Despite the earlier debate in Committee and on Report this evening, the Government have not made a convincing case for their introduction of what even they admit is now only a lead option. If they cannot even convince themselves, how do they expect to convince the House? This is a Bill, and indeed a tax, with few friends. For instance, the CBI said of the proposed planning gain supplement:

"the Government's proposals to implement PGS are likely to lead to a number of unintended and negative consequences that would outweigh the potential benefits of PGS and we would strongly urge the Government to reconsider its proposals."
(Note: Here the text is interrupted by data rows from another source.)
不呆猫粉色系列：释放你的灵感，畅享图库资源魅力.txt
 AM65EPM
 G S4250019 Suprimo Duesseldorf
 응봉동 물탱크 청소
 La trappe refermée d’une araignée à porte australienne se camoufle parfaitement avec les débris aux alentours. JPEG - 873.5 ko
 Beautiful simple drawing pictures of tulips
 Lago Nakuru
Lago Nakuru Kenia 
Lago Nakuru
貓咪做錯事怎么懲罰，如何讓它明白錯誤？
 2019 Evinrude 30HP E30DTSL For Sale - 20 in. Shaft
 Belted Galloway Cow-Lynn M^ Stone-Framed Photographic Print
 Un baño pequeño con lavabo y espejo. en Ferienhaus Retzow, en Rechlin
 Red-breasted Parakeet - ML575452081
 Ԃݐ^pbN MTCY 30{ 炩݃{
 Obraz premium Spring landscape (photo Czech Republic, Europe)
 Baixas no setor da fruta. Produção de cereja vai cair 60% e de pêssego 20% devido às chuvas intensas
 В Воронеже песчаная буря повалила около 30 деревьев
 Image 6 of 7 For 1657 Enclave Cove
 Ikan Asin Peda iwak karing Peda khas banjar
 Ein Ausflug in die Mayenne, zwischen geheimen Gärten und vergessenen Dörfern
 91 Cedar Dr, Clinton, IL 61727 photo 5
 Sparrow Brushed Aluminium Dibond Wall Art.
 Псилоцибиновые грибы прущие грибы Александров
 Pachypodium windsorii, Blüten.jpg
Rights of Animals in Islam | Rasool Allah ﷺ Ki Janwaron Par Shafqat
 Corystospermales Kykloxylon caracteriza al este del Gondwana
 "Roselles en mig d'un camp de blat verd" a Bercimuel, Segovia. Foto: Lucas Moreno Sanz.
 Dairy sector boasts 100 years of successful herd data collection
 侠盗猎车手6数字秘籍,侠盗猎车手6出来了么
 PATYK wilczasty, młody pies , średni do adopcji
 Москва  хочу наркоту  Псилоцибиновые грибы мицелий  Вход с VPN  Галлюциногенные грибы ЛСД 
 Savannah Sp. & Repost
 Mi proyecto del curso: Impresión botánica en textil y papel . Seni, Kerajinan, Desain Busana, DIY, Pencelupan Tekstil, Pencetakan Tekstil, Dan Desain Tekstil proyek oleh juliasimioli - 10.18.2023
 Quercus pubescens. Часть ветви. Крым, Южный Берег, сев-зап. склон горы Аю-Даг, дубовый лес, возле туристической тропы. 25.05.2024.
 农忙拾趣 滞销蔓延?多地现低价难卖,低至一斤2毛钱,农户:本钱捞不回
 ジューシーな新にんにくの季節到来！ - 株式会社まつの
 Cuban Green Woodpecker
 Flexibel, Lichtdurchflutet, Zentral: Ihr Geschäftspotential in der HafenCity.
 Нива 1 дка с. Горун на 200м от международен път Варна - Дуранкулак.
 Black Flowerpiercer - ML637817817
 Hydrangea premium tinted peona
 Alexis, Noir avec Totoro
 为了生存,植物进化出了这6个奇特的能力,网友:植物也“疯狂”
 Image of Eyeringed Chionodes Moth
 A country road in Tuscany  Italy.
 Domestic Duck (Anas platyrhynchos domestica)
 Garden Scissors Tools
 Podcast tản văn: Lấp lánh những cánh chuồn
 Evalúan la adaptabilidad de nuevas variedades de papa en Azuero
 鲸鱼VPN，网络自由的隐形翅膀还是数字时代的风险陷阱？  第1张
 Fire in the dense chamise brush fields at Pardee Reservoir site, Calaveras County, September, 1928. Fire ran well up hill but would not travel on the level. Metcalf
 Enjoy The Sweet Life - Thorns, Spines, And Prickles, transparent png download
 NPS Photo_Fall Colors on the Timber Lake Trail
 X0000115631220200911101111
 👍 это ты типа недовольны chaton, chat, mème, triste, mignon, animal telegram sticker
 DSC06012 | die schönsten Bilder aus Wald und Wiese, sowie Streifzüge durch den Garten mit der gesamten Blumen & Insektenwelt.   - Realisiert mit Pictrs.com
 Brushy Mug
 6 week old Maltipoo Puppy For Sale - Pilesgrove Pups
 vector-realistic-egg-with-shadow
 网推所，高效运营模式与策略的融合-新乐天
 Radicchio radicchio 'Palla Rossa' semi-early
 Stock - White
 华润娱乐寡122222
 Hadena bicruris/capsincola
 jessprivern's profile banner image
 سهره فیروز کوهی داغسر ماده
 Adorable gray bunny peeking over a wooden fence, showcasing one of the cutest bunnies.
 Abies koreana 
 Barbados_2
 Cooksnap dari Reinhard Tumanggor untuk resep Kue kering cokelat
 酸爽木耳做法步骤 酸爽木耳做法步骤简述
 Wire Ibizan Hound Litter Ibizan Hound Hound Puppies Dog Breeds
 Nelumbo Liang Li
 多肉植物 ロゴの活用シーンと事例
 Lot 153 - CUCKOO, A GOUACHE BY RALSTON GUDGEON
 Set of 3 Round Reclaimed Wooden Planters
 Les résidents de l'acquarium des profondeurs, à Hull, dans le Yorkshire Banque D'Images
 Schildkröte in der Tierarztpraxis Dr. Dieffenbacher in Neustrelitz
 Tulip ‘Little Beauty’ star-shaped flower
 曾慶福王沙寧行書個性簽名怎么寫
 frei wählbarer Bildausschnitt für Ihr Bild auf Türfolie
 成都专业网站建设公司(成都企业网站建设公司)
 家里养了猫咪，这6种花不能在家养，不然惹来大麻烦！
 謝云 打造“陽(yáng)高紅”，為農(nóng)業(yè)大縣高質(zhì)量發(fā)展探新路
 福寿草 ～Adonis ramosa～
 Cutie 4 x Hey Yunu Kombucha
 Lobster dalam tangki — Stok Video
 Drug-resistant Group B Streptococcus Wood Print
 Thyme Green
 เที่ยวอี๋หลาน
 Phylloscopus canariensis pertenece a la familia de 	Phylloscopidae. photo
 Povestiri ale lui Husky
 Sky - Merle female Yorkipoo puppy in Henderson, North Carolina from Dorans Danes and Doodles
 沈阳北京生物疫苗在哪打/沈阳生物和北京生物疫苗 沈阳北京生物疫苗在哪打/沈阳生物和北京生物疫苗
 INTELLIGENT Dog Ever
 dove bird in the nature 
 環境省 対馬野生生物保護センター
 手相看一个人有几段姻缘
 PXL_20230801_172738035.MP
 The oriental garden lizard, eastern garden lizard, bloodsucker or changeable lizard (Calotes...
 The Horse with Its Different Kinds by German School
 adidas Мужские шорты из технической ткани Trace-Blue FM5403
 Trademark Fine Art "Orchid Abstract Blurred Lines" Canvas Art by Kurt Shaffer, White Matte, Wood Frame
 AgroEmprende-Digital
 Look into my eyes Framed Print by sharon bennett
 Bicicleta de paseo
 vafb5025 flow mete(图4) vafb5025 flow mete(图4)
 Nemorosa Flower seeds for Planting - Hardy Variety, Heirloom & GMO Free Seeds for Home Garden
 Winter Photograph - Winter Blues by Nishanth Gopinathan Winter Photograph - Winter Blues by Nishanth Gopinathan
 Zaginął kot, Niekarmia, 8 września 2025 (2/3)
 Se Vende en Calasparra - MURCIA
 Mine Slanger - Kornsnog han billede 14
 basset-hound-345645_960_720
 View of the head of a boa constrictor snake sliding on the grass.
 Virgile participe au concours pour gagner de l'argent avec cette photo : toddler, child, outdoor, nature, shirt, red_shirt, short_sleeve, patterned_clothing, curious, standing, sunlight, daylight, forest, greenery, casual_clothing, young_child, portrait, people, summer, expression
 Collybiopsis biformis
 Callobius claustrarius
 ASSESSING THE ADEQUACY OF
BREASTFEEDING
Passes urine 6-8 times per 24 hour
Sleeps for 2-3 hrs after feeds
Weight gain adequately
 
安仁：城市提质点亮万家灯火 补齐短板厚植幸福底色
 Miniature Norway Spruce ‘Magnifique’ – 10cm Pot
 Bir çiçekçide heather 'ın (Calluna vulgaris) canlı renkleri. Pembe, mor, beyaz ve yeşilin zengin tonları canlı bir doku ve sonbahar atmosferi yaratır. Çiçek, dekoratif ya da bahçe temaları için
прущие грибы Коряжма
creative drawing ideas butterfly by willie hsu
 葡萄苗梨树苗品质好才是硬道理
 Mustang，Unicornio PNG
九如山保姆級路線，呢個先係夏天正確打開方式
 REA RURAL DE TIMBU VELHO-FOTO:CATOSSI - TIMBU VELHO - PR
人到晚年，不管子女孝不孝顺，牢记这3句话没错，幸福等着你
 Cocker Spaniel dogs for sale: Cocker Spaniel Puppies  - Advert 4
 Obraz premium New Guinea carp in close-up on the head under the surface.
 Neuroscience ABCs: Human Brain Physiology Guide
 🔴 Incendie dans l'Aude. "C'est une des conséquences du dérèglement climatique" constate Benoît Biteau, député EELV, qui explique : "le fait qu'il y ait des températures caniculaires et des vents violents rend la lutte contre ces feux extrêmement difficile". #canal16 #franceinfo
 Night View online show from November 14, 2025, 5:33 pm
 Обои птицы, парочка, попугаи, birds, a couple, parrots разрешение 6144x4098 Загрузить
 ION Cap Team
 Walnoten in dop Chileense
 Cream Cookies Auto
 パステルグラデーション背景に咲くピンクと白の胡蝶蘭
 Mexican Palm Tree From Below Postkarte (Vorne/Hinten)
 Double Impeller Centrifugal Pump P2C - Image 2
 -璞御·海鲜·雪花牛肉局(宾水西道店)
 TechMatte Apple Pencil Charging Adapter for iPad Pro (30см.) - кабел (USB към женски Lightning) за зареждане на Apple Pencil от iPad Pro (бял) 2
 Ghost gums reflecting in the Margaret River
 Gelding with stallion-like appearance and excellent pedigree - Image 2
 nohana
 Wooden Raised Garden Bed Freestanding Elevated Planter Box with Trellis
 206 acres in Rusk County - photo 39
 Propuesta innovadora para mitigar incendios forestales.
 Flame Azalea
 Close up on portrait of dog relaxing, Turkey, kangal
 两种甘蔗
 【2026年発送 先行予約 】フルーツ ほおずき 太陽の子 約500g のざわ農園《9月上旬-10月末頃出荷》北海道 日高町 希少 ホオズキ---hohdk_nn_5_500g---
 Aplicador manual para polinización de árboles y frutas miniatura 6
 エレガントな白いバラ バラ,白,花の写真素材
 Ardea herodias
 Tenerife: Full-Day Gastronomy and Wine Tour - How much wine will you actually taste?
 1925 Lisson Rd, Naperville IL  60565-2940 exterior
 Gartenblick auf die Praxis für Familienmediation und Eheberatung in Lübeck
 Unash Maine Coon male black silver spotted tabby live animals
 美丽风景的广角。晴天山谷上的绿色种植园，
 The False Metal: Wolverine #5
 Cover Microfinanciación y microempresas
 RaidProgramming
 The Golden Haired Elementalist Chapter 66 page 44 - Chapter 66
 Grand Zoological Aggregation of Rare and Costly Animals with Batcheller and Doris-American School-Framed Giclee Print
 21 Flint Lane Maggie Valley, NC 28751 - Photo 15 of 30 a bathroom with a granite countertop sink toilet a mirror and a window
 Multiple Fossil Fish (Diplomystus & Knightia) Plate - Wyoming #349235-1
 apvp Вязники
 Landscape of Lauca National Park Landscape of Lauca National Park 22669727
Similarly, the British Property Federation, which has been staunchly opposed to the planning gain supplement throughout, said that it

"Is not suited to brownfield or previously developed sites; removes the linkage between the developer, the development and direct community benefit; can provide uncertainly in the planning process; is unworkable on most commercial developments; will slow the rate of developments coming forward; will discourage regeneration schemes; will create a blockage in the planning system; could lead to lengthy disputes in the courts and does not give any certainty that the necessary infrastructure will be provided."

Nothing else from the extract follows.